Interior of the Nott Memorial, with the Mandeville Gallery on the second floor

The Mandeville Gallery is an art gallery, located on the second floor of the Nott Memorial at Union College, Schenectady, New York, United States. The gallery opened in 1995 and is dedicated to exhibiting work by nationally recognized, contemporary artists exploring modern themes. Due to the unusual architecture of the Nott Memorial, the Mandeville Gallery provides a unique environment for viewing exhibitions. The Gallery is a mezzanine, open to the floors above and below, and consists of two semi-circular areas of viewing, creating an atypical but creative gallery venue.

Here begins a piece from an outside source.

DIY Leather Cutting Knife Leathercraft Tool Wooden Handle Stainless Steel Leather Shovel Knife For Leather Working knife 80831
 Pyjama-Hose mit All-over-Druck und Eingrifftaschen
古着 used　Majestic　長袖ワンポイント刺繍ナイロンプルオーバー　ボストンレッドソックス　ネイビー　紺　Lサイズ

The Permanent Collection houses over 3,000 works of art and material culture. Access to the collection is available to students, faculty, and researchers by appointment. Artwork from the Permanent Collection is on display in public and administrative areas across the college campus.

The Wikoff Student Gallery is located on the third floor of the Nott Memorial and exhibits work by current, full-time Union College students.

The Castrucci Gallery is located on the ground floor of the Peter Irving Wold Center, and features exhibitions that explores intersections of the visual arts, mathematics, and the sciences.

The Mandeville Gallery presents an annual Art Installation Series in partnership with the Schaffer Library. The Art Installation Series features contemporary artists who visit campus and create a site-specific installation for the library's Learning Commons.